The Freebie PosterThe Freebie (2010) Annie and Darren are an affectionate married couple that do crossword puzzle races instead of having sex.  Darren admits he looks at other women and Annie wholeheartedly agrees that it’s only human.  They decide they need each need a one-night-stand.  The chosen night selected, they go their separate ways, and guess what, the next day it’s all ice and snow between them!  They had agreed they wouldn’t talk about what happened, and their relationship quickly goes downhill.  In the end they neither trust or believe each other at all.

Fling PosterFling (2008) This movie starts out with Mason and Samantha already in an open relationship, and throughout the movie they each develop a relationship with someone else.  They had opened up their relationship because Mason, a self-loving novelist, ooops! hooked up with someone at the same time that Sam almost did (but didn’t).  All of a sudden, they end up in an open relationship, which Sam repeatedly says works brilliantly.  Sam’s budding relationship with her traditional-relationship ex-BF becomes more and more serious while Mason is seeking the same from the younger sister of his best friend.  All hell breaks loose when the best friend finds out about Mason and his sis, and turns out that Sam is, you guessed it, pregnant!  Mason tries to pull it together with a too-late proposal, and Sam ends up with the ‘traditional’ relationship.

So, what are we, the viewers, supposed to ascertain from any one of these movies?
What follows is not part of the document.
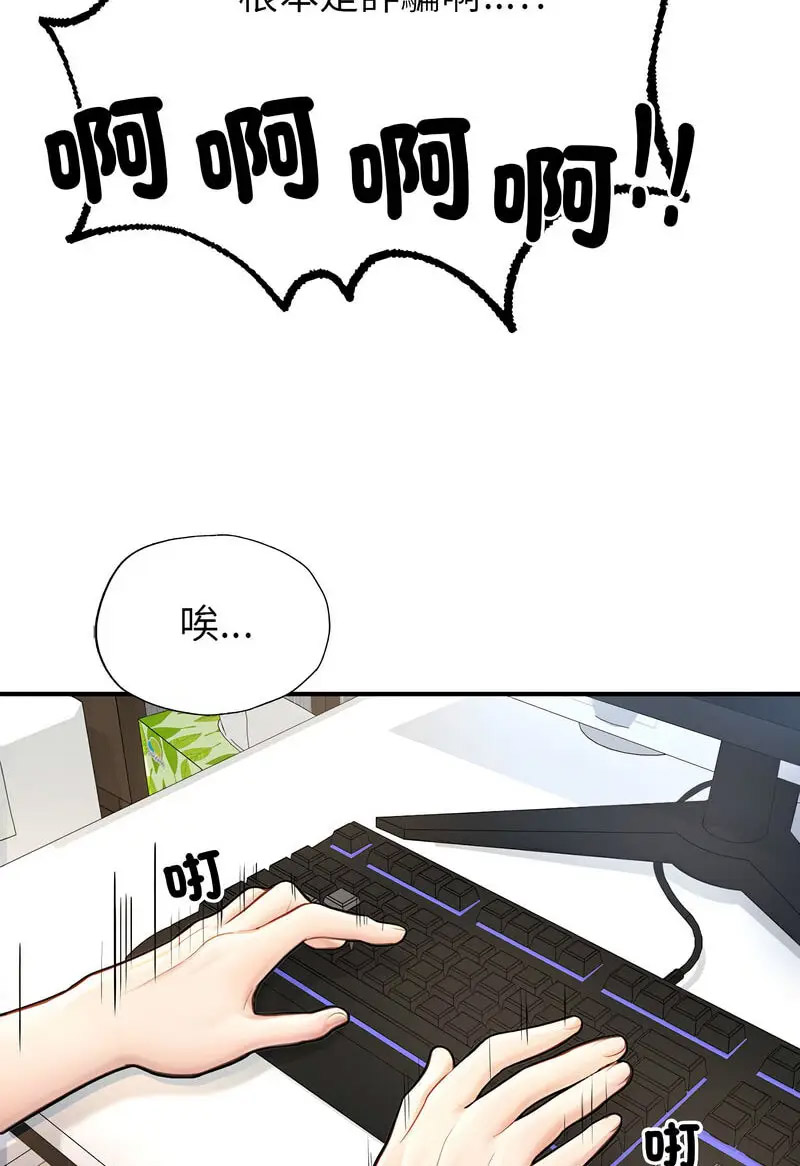 [韩国漫画] 成为人上人 剧情,OL#[128P]-15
  • Long term relationships are doomed to be sexually unsatisfying.
  • Talking about sex in a long term relationship is too hard, even with this awesome person that has all these other great qualities.
  • Communicating about sexual decisions happens in one short conversation (or not at all).
  • Non-monogamy will fix problems with sex in a long term relationship.
  • Problems with sex in long term relationships aren’t related to underlying/overarching problems in the relationship itself. (Although some connections are drawn in each of the movies, they are not apparent.)
  • In the end, non-monogamy doesn’t work, and will damage, if not ruin your relationship.
  • Traditional, monogamous relationships are better.
  • Oh, and everyone is skinny and sexy and has perfect hair in bed. (but that’s not what this post is really about)
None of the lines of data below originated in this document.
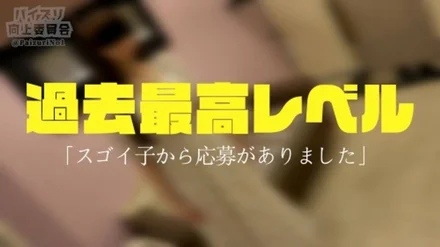 FC2-PPV-3650883 *Limited [Titty Fuck] Jcup's strongest erotic body descends! - A voluptuous breast and buttocks... 2 tit fucks with the titjob techniques she trained during her school days!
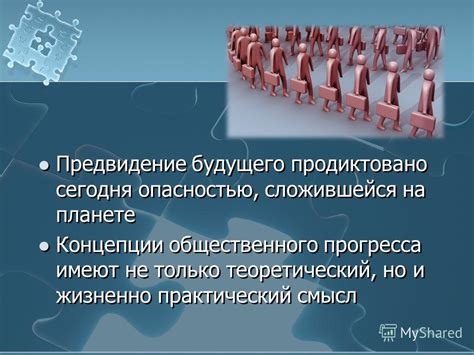 Основные концепции циклов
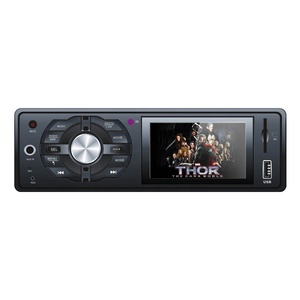 High Power 7388IC Output 4*45w Car <strong>Radio</strong> Mp5 Player - Product Image 1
Don’t get me wrong, I was definitely entertained by each of these films, and I didn’t turn any of them off (although, I started watching Last Night (2010), and only got through the first 30 minutes).  But being entertained doesn’t mean that I agree with or like their depiction of relationships, and the ‘solutions’ offered. If a problem arises in a relationship, whether it is related to sexual activity or not, the people involved should communicate openly and honestly about it.  Opening up a relationship won’t fix the relationship problem- communication will.  If a couple is going to become monogomish, open, poly, or any interpretation thereof, it should be considered carefully, and when there are strong, established boundaries and expectations.  Not on a whim, on the fly, or accidentally, as is portrayed in all three of the movies described above.
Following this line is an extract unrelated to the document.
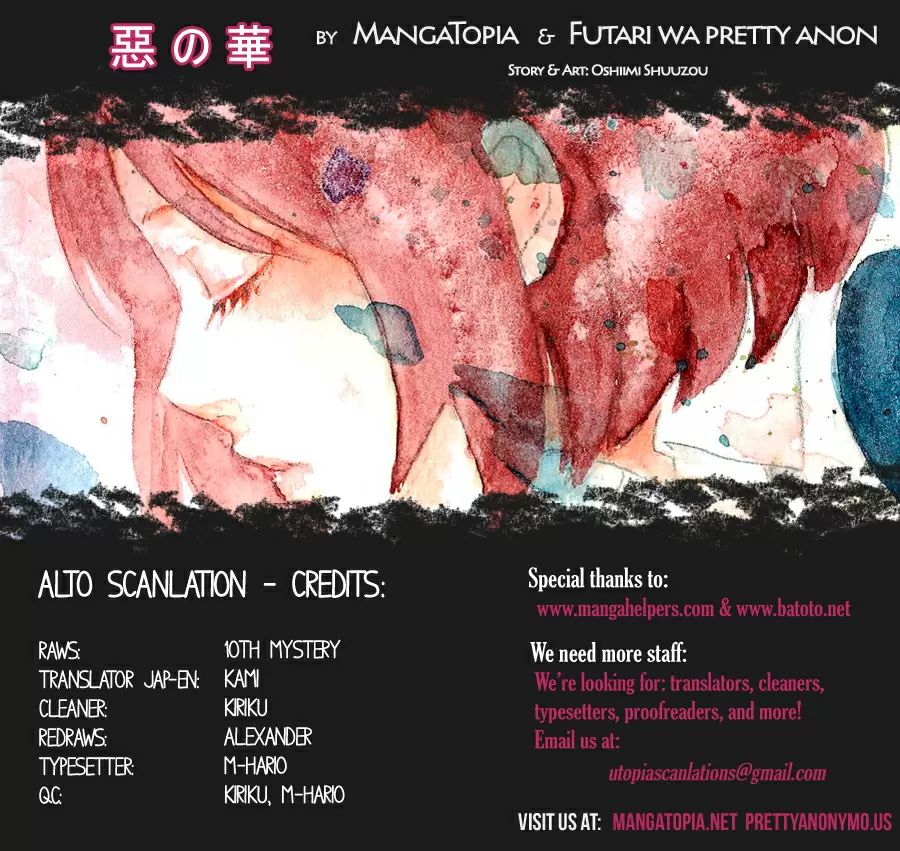 Aku no Hana capítulo 48, página 2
But the entertainment industry isn’t going anywhere and these are not the only relationship movies that depict poor solutions.  Therefore, we must be diligent in teaching people how to think critically about the messages that are explicitly and implicitly shared in movies such as these.  So, as sexuality educators, we need to help participants digest media.  Here are some recommendations:

When watching a movie…

  1. Examine the relationship(s) between/among the protaganists…how healthy is it?
  2. Look for the explicit and implicit messages about sex…what is their take-home?
  3. Determine what’s missing from the plot/dialogue…what did the movie communicate by omission?
  4. Evaluate the relationships with supporting characters…what values are demonstrated?
  5. Decide for yourself whether you agree with the movie’s messages about sexuality, and if that’s enough for you to give it a thumbs down!